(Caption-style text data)
________________________________________

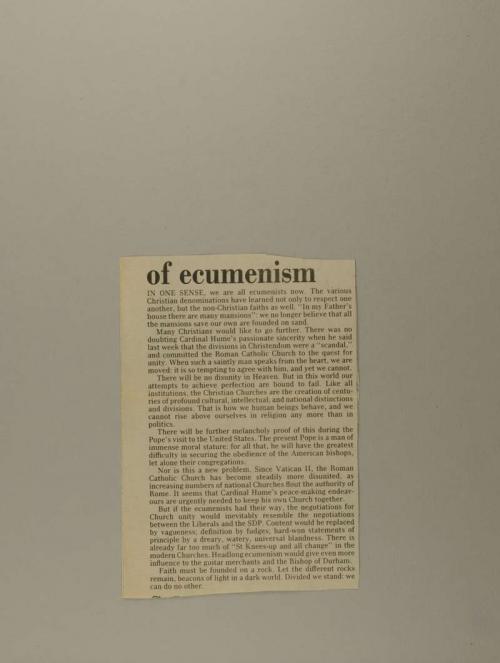 Photograph of item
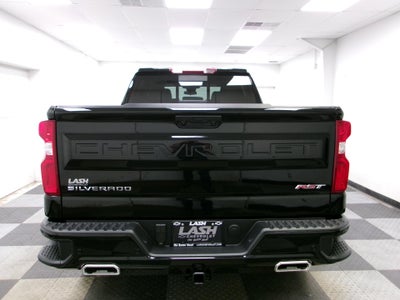 2026 Chevrolet Silverado 1500 Crew Cab Standard Box 4-Wheel Drive RST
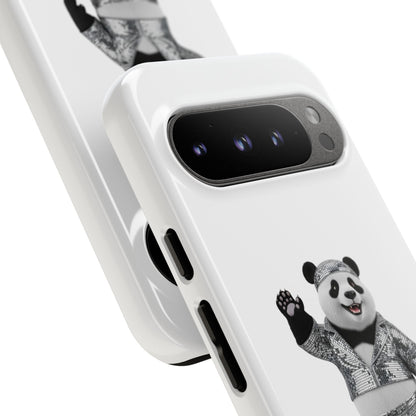 Disco Panda Tiny Tail Shaker | Phone Case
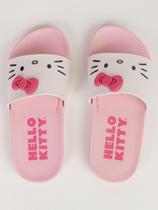 Slide Hello Kitty Grandene - ROSA/BRANCO Slide Hello Kitty Grandene - ROSA/BRANCO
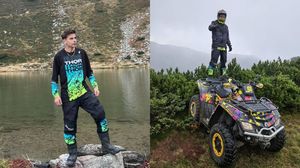 Erik Ștefoi, adolescentul mort în accidentul rutier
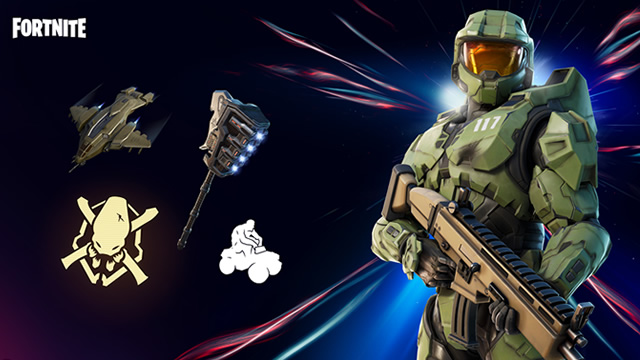Fortnite Halo Master Chief Set outfit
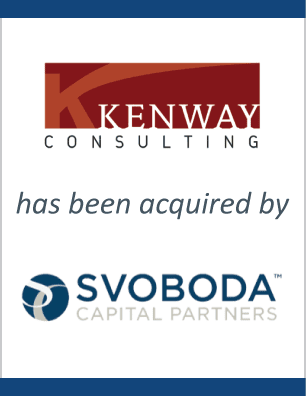 Svoboda Capital Partners has acquired a majority interest in Kenway Consulting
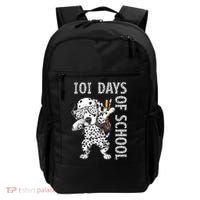 101 Days School Dabbing Dalmatian Dog Teachers Backpack thumb 0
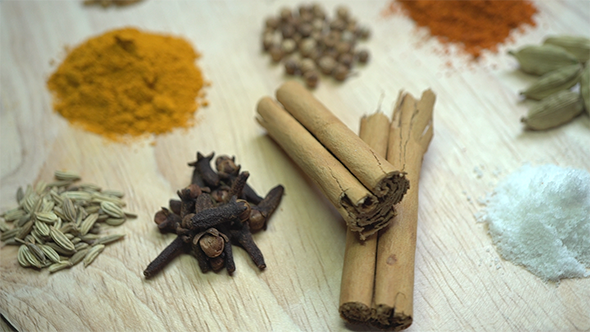 South Asian Spices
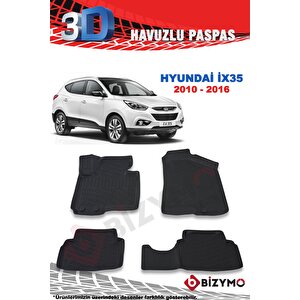 Hyundai İx35 2010-2016 3d Paspas Takımı Bizymo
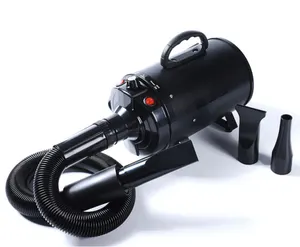 High Power 4 Nozzle Pet Hair Dryer Hair Blowing Artifact Water Blower For Dogs And Cats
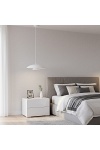 Lampa wisząca BABEL 1 WHITE - Emibig
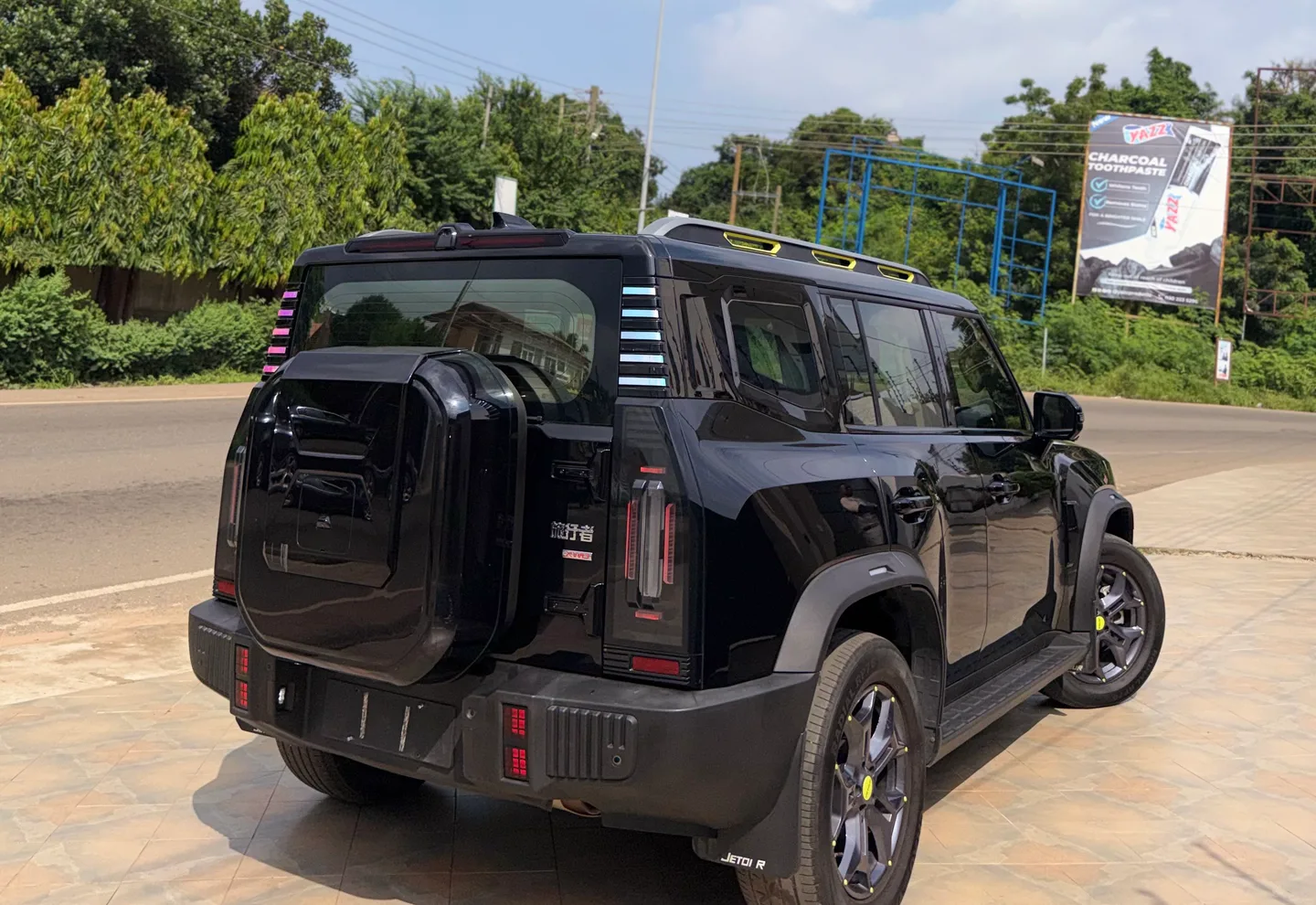 Jetour T2 — view photo 6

________________________________________

**Your goal:**
Could you set down, exactly as written, every line from the one with "Hyundai İx35 2010-2016" to the end of the data, both ends included? Leave out the pictures.

**Response:**
 Hyundai İx35 2010-2016 3d Paspas Takımı Bizymo
 High Power 4 Nozzle Pet Hair Dryer Hair Blowing Artifact Water Blower For Dogs And Cats
 Lampa wisząca BABEL 1 WHITE - Emibig
 Jetour T2 — view photo 6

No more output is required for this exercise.